Her throat moved with a swallow, and she glanced aside, hiding her eyes from me.

“You miss home,” I stated, and she didn’t argue. “But what if it wasn’t final?” I lowered my voice, leaning closer to her, lest anyone overhear us.

She snapped her gaze to me. “What do you mean?”

“What if there was a way for you to return to your world?”

“But…” she blinked. “The portal is closed, isn’t it?”

I darted a cautious glance around the sarai, to make sure no one was listening to our conversation.

Always a bit of a loner ever since her arrival to Alveari Kingdom, Ciana had been keeping away from the others—the humans and the Keepers alike.

When expecting my visit, she always chose a bench by the fountain with the fish statue that was tucked behind one of the buildings of the Joy Vessels’ bedrooms. Here, the occupants of the sarai tended to leave us alone.

Lately, it’d been discovered that drinking wine elevated humans’ emotions, increasing many pleasurable ones.

By the directive of the Royal Council, the Joy Vessel Keepers were serving wine to humans now, and many of the Joy Vessels appeared to enjoy drinking it this morning.

They laughed and even danced with the nobles of the court attached to them by their tendrils.

In the happy commotion taking place in the main gardens of the sarai , no one seemed to pay us any attention.

Still I hesitated how much I could or should reveal to Ciana about her future. She had the right to know, but the secret wasn’t entirely mine to tell.

“What if there was a possibility for another portal?” I asked, carefully choosing my words. “Would you be happy to go home?”

She bit her bottom lip in contemplation, and I waited for her reply with bated breath.
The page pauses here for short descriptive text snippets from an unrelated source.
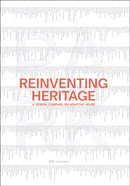 Reinventing Heritage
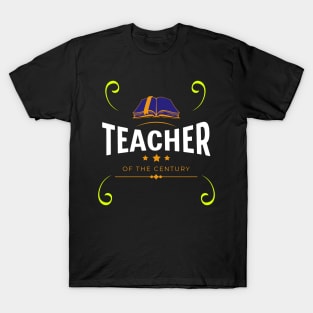 Teacher of the century T-Shirt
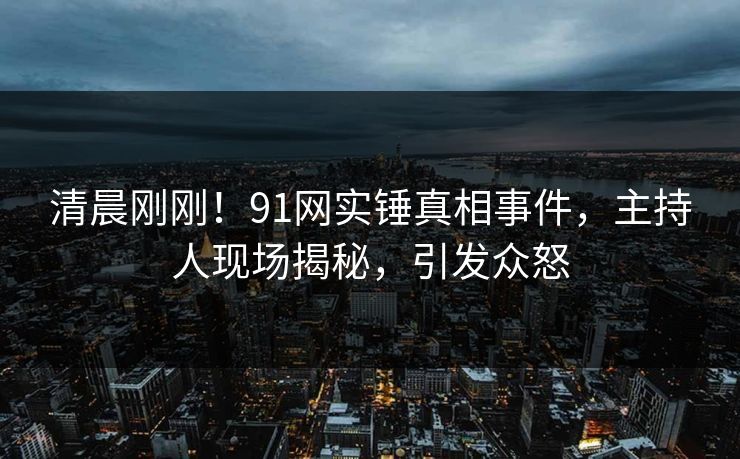 清晨刚刚！91网实锤真相事件，主持人现场揭秘，引发众怒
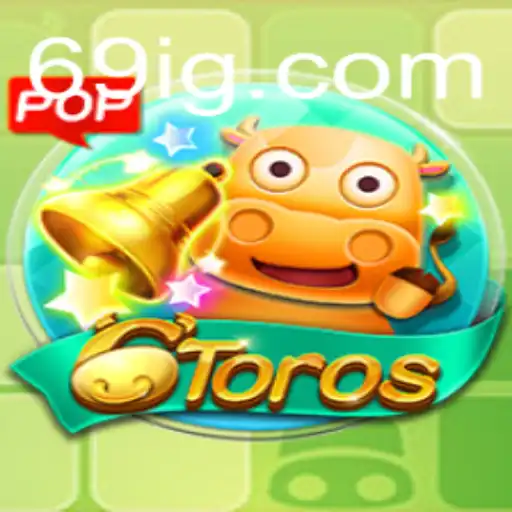 Explorando o Mundo de 6Toros: Um Jogo Inovador para Todas as Idades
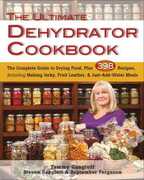 Libro in inglese Ultimate Dehydrator Cookbook: The Complete Guide to Drying Food Tammy Gangloff Steven Gangloff September Ferguson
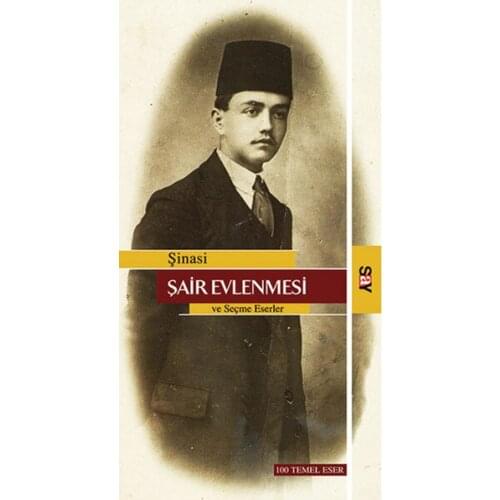 The poet Evlenmesi Şinasi Say Publications (TURKISH)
I hadn’t realized until now how much her opinion mattered to me. I knew what I had to do. But if it was also something she wished for, it would make my mission even more important to me.

“They say it’s impossible to return to the same time when they took us from,” she said. “That if we try, we could arrive centuries into the past or decades into the future.”
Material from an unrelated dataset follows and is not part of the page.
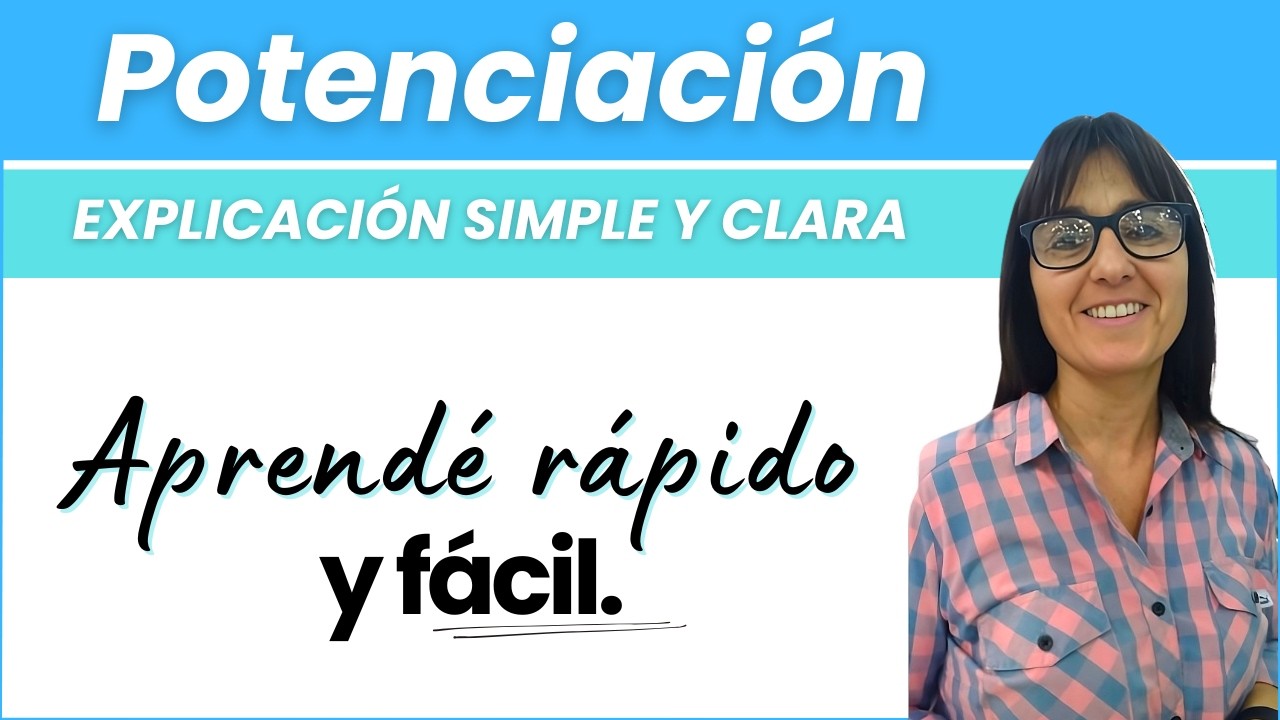 Potenciación | Explicación Sencilla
“But it could also be just days away too. Or even minutes. Would you like to have a chance to rebuild your life back in your world?”

Her brow furrowed as she worried her lip between her teeth, pondering my words. I watched her, afraid to miss a single change of her expression, but I had no idea what it was that I wished to see.
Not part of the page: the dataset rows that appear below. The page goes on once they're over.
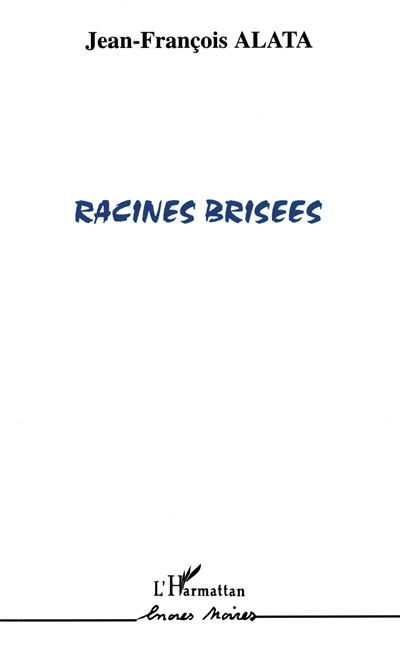 Racines brisées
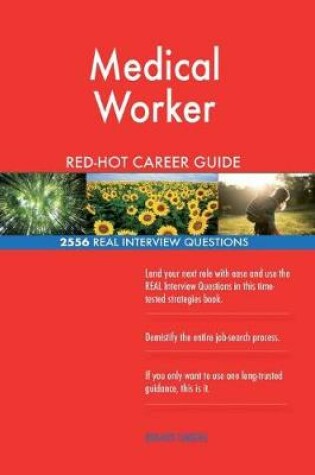 Cover of Medical Worker Red-Hot Career Guide; 2556 Real Interview Questions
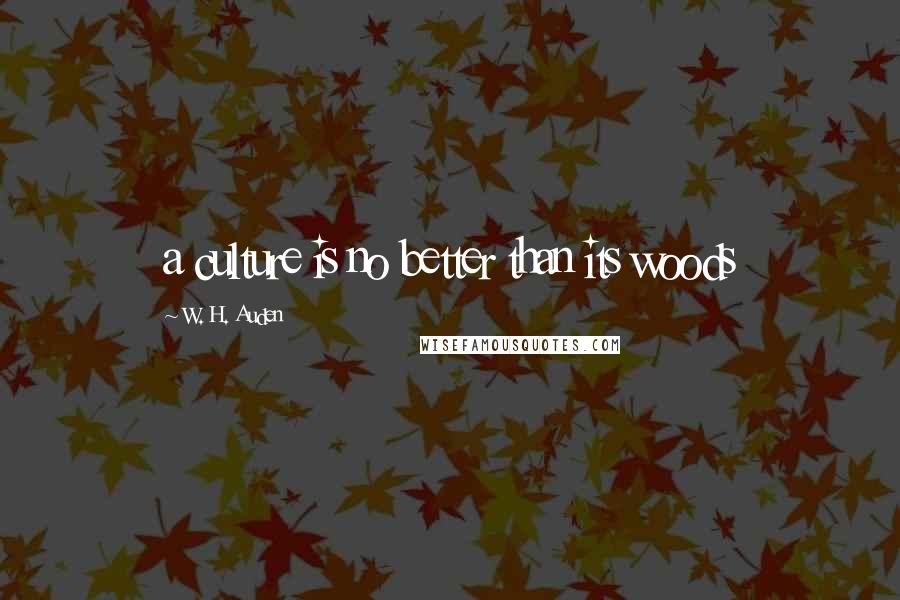 W. H. Auden Quotes: a culture is no better than its woods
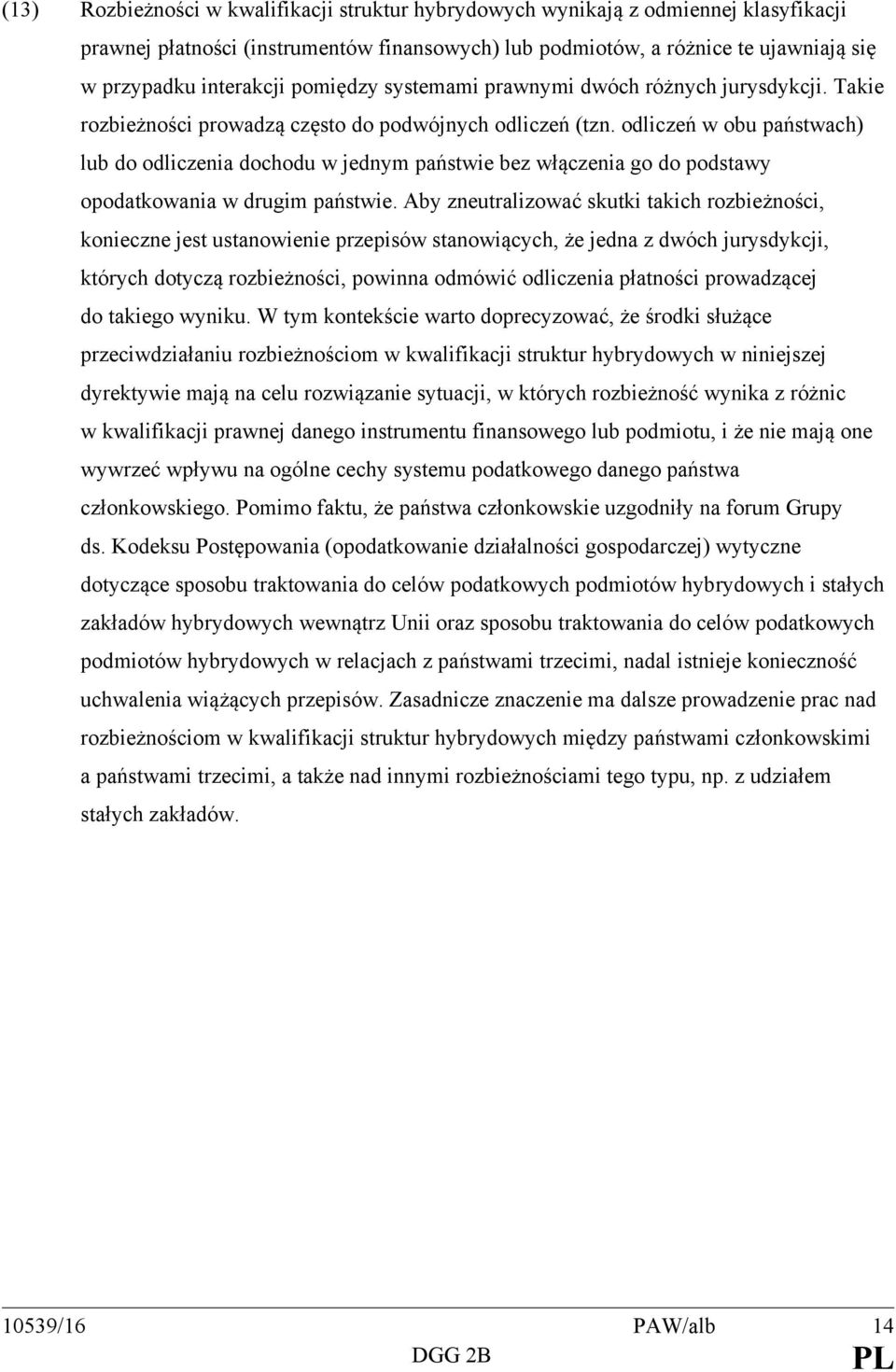 odliczeń w obu państwach) lub do odliczenia dochodu w jednym państwie bez włączenia go do podstawy opodatkowania w drugim państwie.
As a Watcher, I needed her to leave Alveari. But as someone who’d grown fond of her company, I dreaded to think what this world would be without Ciana. Or what my life would be without her.

“Is the queen planning to send us back?” she asked.

“No. The queen will never do that. Helping you get back would be against the royal orders, which is a treason punishable by death.”

She looked at me closely. “Yet you’re offering it to me?”

I mimicked one of her placating smiles. “I merely asked whether you’re missing home, Ciana. That’s all.”

“I do but?—”

A woman erupted in a loud laughter, interrupting Ciana and bringing our attention to the wine-fueled party in the central part of the gardens.

“Hey, Keepers, my glass is empty!” the woman shouted, waving a silver goblet in the air.

She tripped, and Councilor Jerti grabbed her around her middle, stopping her from falling. She laughed again, bending over in his arms. Her limbs tangled in his tendrils that were attached to her. He laughed too, in an unstoppable, hearty laughter that I’d never heard from a shadow fae before.

A human man stumbled down the path toward us.

“I’m not feeling so good…” he mumbled drunkenly, then bent over the mosaic edge and retched into the fountain.

Sefri rushed to him, along with two other Keepers .

“Is something wrong with him?” I asked one of the Joy Vessel Keepers who was passing by.